RADİKAL

Hayatın özü

 Biliyorsunuz bu yılki Kitap Fuarı’nın ana teması ‘aşk romanları’ydı. Kitap Fuarı’nı gezmeye giden Mesut Yılmaz’a kapıda bekleyen gazeteciler bir muziplik yaptılar. Mikrofonu ona doğru uzatıp “Sizce aşk nedir” diye soruverdiler.

Televizyonda seyrederken Mesut Yılmaz’ın ‘poker face’ tabir edilen yüz ifadesinde bir dalgalanma olduğunu hissettim. Nitekim hislerim doğru çıktı. Mesut Yılmaz sanki kendisine hiçbir soru sorulmamış gibi yürümeye devam etti. Televizyonda seyrederken insana asırlar gibi uzun gelen bir zaman sonra (zannediyorum bir dakika kadar) iki kelimelik cevabını yapıştırdı: Hayatın özüdür!
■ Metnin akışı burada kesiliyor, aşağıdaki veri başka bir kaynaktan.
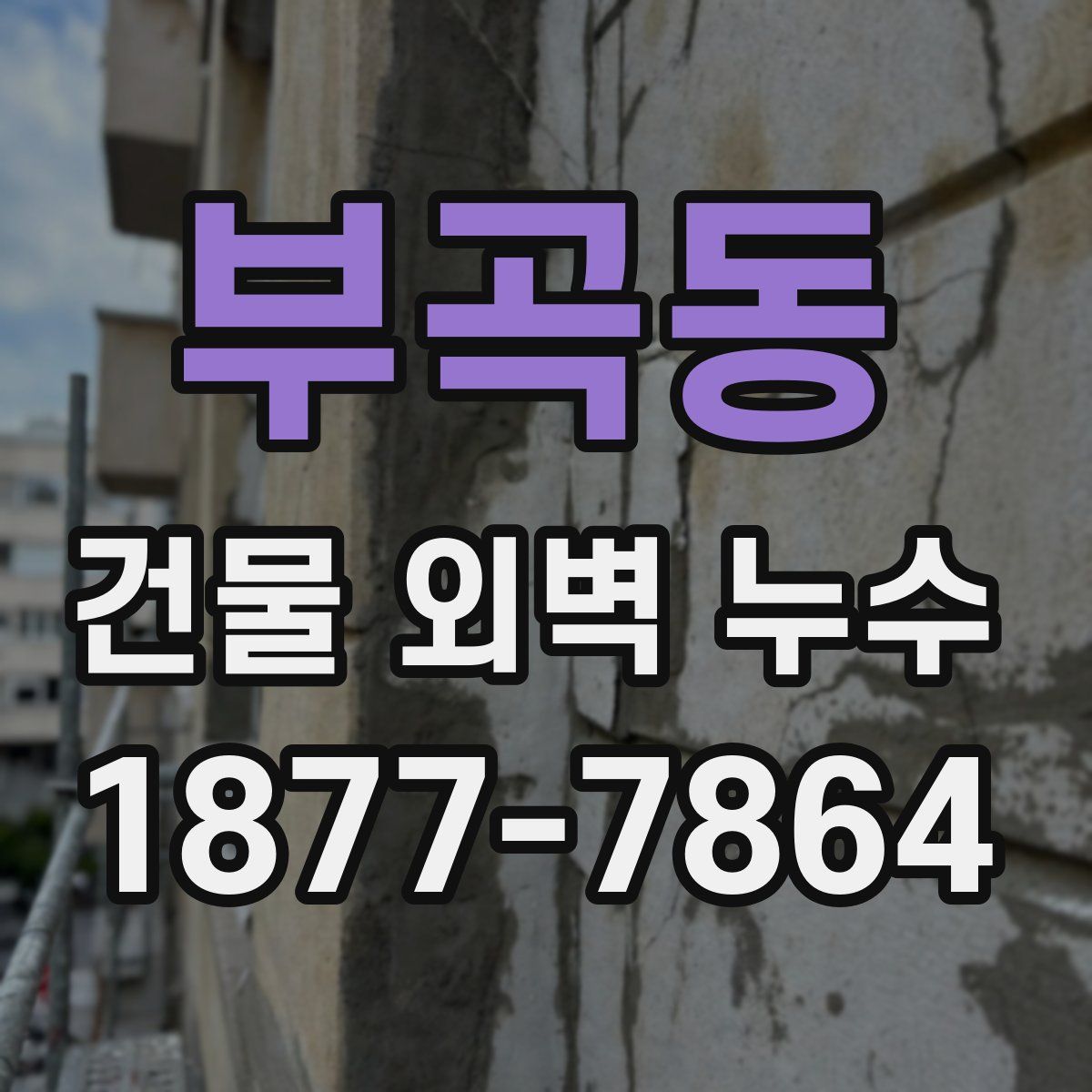 부곡동 건물 외벽 누수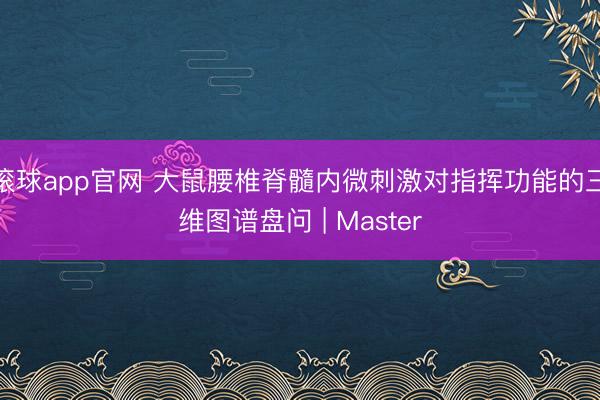 滚球app官网 大鼠腰椎脊髓内微刺激对指挥功能的三维图谱盘问 | Master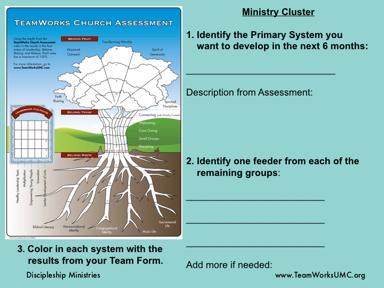 Ask the teams to look at their Assessment Results and identify a Primary System they want to work on in the next six months.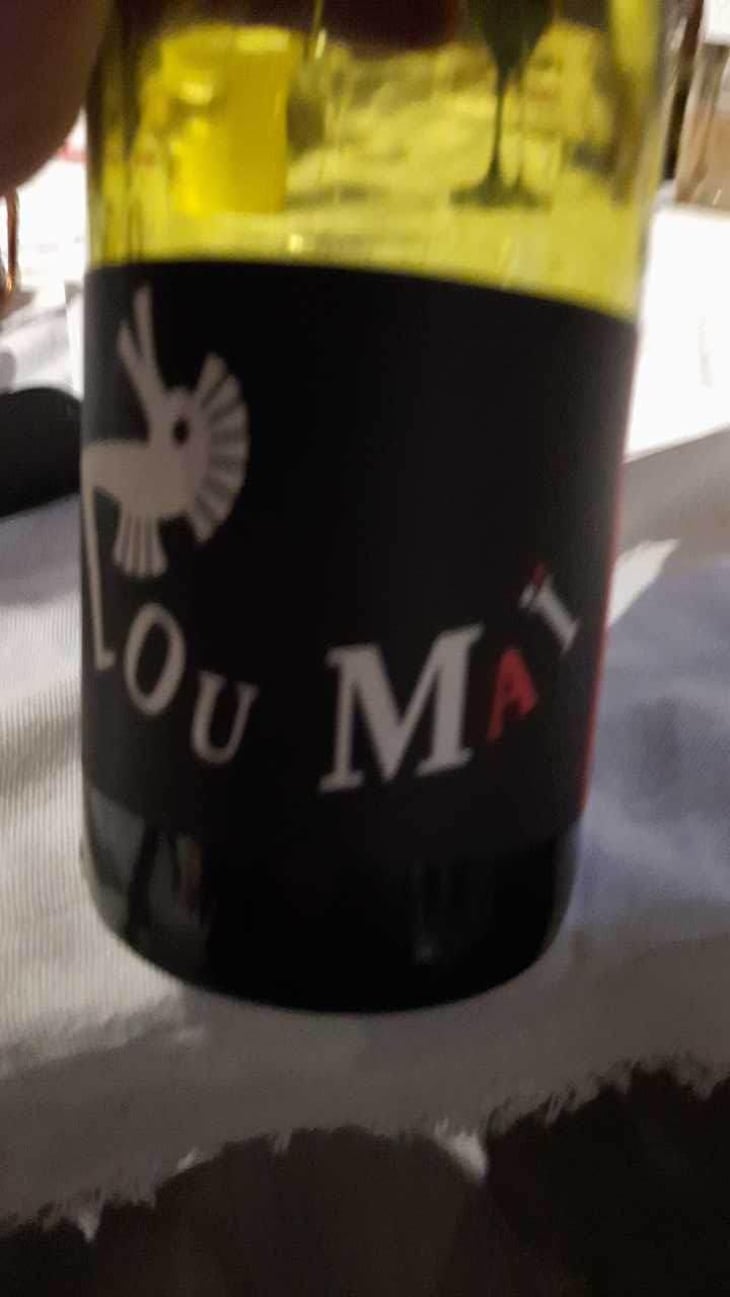 Zou Maï - Zou Maï - John Almansa 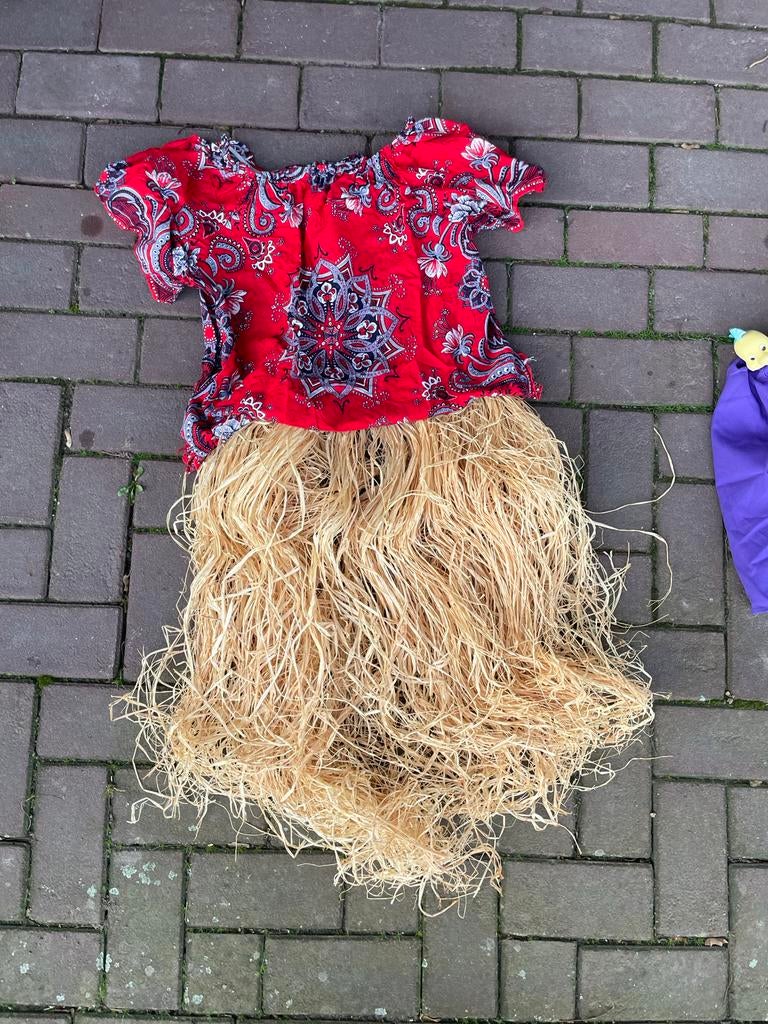 Vogelverschrikker Kostuum Dames - Maat L, Maat 42/44 (L), Ophalen of Verzenden, Zo goed als nieuw, Halloween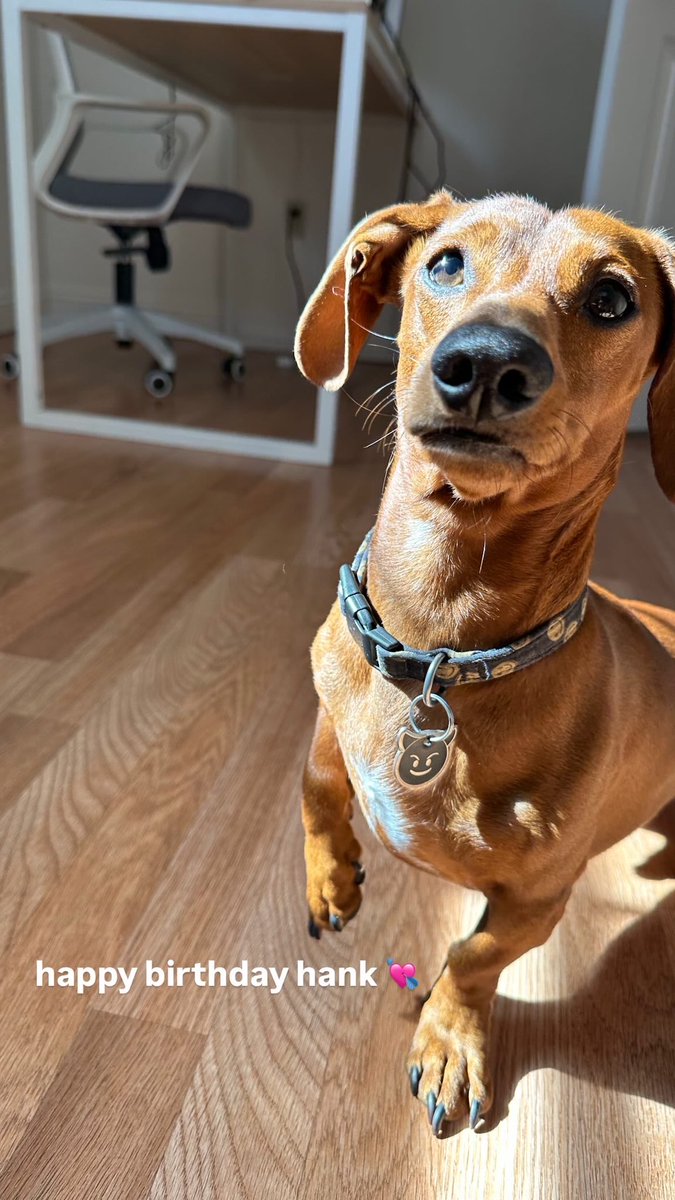 princess diana tweet media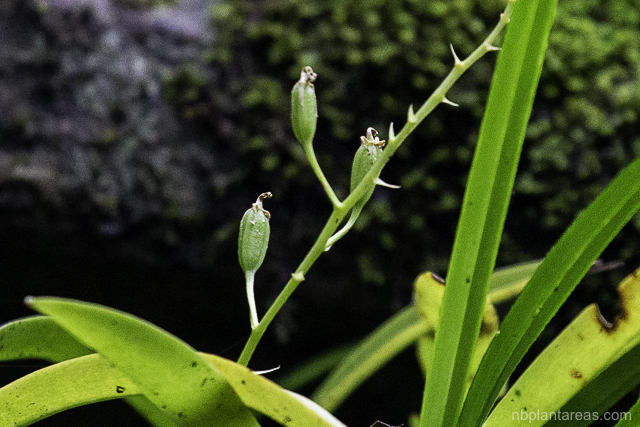 Cestichis reflexa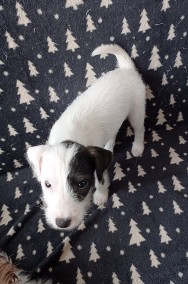 Parson Russell terrier -2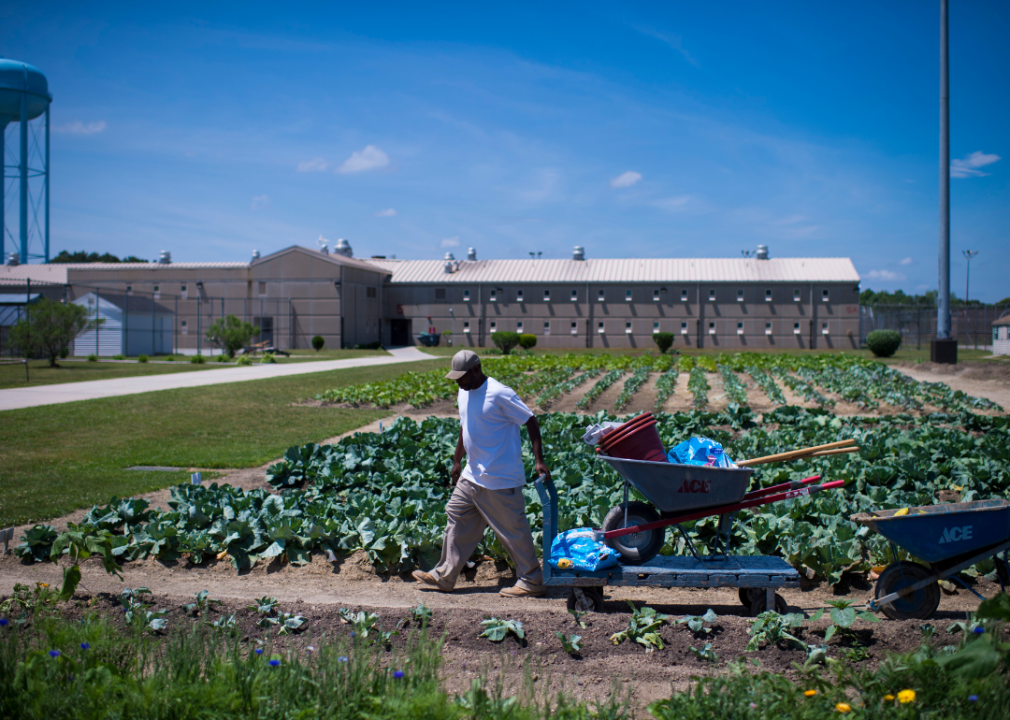 People work in garden at correctional institute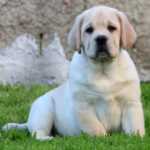 Retriever Do Labrador Labrador Retriever - Amarelos                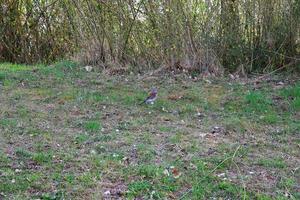 A beautiful Fieldfare bird sitting on green grass background photo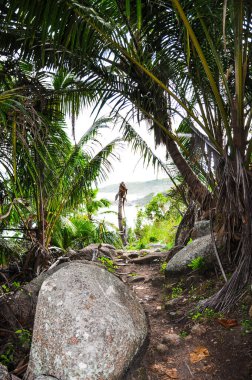 Okyanusun tropikal bitki örtüsünden manzarası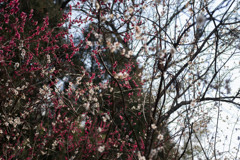 20170319-IMGP3800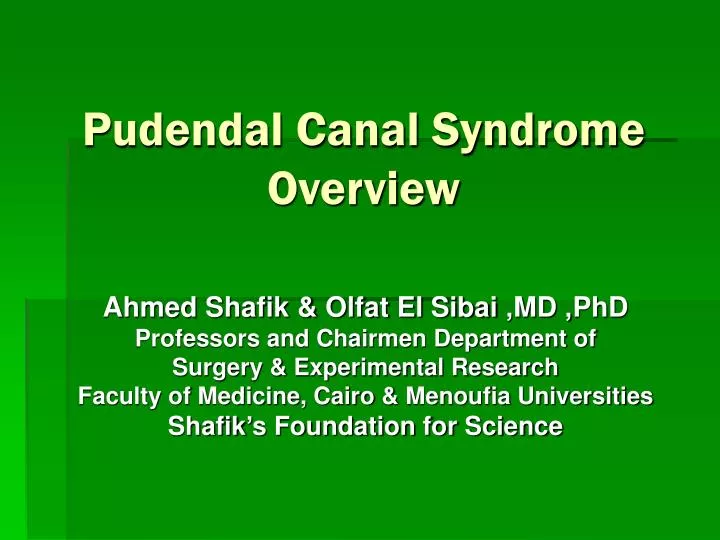 pudendal canal syndrome overview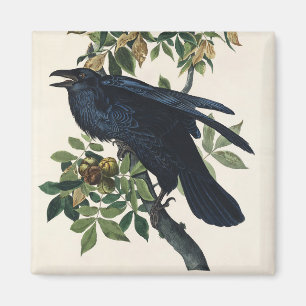 Imã Arte da Natureza do Corvo de Audubon Vintage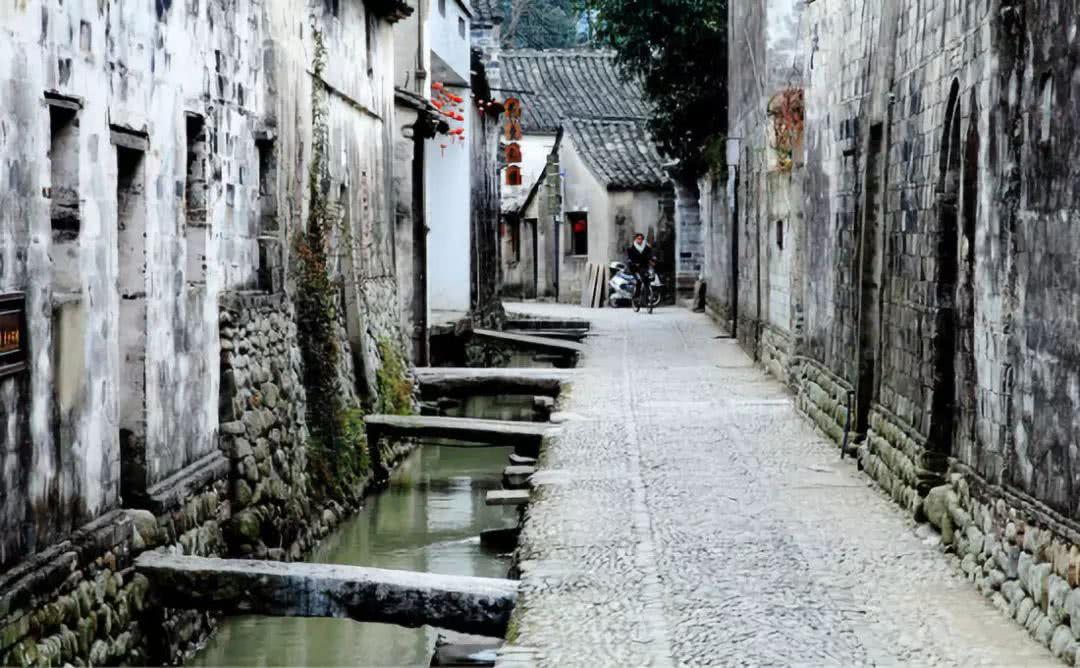 动物帮帮忙保卫家园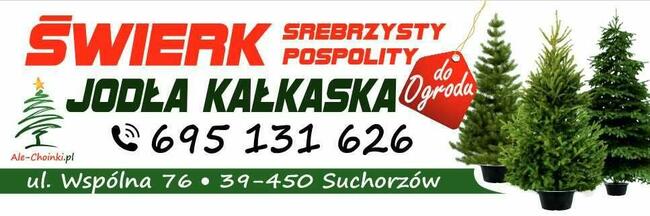 Świerk, Jodła - ilości hurtowe; WŁASNA PLANTACJA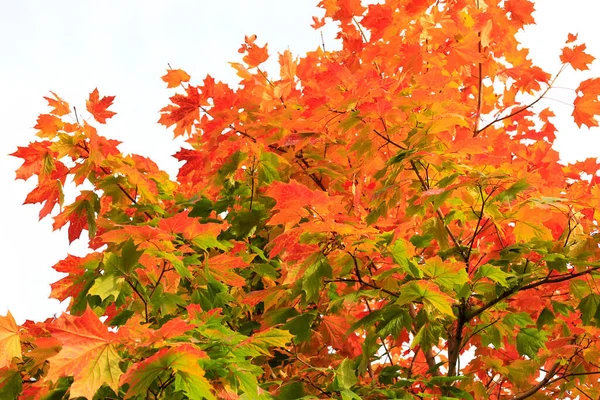 Piękne Jesienne Drzewo Klonowe Jasnych Kolorowych Liści — Zdjęcie stockowe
Sorunun sorulmasıyla cevabın verilmesi arasında geçen süre içinde Mesut Yılmaz’a kızmadım değil. “Hiç aşk üzerine düşünmedi mi ki cevap vermesi bu kadar uzuyor” diye aklımdan geçirdim. Hemen bir cevap vermemiş olmasının son derece saygıdeğer bir insan olan eşini kırabileceğini düşündüm. Kendi kendime, “Aşk gibi temel bir konuda konuşmak için bu kadar zorlanan bir insan, nasıl olur da Türkiye’yi yönetmeye talip olur” diye söylendim.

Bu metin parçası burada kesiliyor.